Furthermore Giddens argues that even though local happenings may have had impact on other parts of the world in earlier times, today’s interdependences have a whole new quality. Even though globalization is seen as the successor of ethnocentrism, it seems to be the western, industrialized world that influences its development the most. Terms like “Westernization” or “McDonaldization” are sometimes used as synonyms for globalization (see Jan Art Scholte in Held and McGrew 2004, 85). Indeed, as Joseph Nye points out, the three main hubs of globalization are the USA, Europe and Japan. Those regions (with US hegemony) build the centre of economic, military, social and environmental trends (Joseph S. Nye Jr. in Held and Mc Grew 2004, 112-15). Presumably, China may be the nation to break up this triumvirate.

Additionally, the discussions about globalization are discussions about a new world order; a world order that remains very confusing. Old national regulations seem to be out-dated and inefficient to face increasing deterritorialization (think of the resettlements of corporations and/or unemployment) - this leads to the demand of a new system of ordering.
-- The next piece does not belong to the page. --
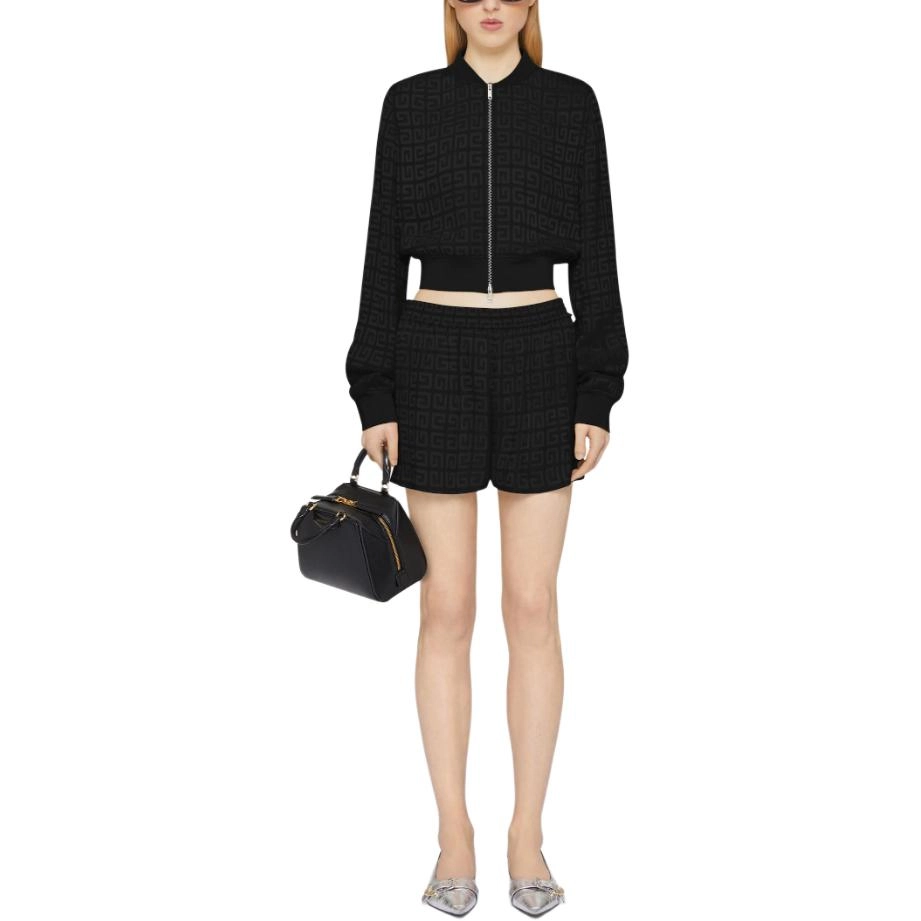 GIVENCHY FW24 Logo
I am arguing that the political neo-liberal right of wealthy western industrialized countries is shaping this new system of ordering by influencing the way globalization goes - and it does so with hardly any consideration towards the weak. An African Proverb says that when two elephants are fighting, it is the grass that suffers. As the story goes, if two elephants are making love, it is also the grass that gets trampled .

Examples that verify this strong picture could be trade liberalization policies, which are pushed through on behalf of developing countries. One can blame the establishment of different institutions after WWII (like the GATT/WTO, the IMF, the World Bank) for this course of action. More evidence is provided when, like in the early 1980´s, politicians like Britain’s Margaret Thatcher proclaim that there is no alternative to neo-liberal policies. This narrow-minded sight might fall back on its creators – when side effects of globalization (like the destruction of the environment or the increasing hatred of those who are neglected) will become more and more obvious. Of course, the term “neo-liberal” does not automatically mean “unequal”. Yet, history shows that those who carry neo-liberal policies into effect could need some boost when it comes to the proper treatment of unprivileged.

The French refer to people who are critical towards globalization as “altermondialistes”. This term includes both the earth and the alternative. Therefore I consider it more appropriate than the term “anti-globalist” since this is a somewhat radical, utopian conception for a movement that is partly deeply rooted in the capitalist system of western industrialized countries. “Another world is possible” is a common alter-globalist slogan, among others used at the first World Social Forum in Porto Alegre, Brazil.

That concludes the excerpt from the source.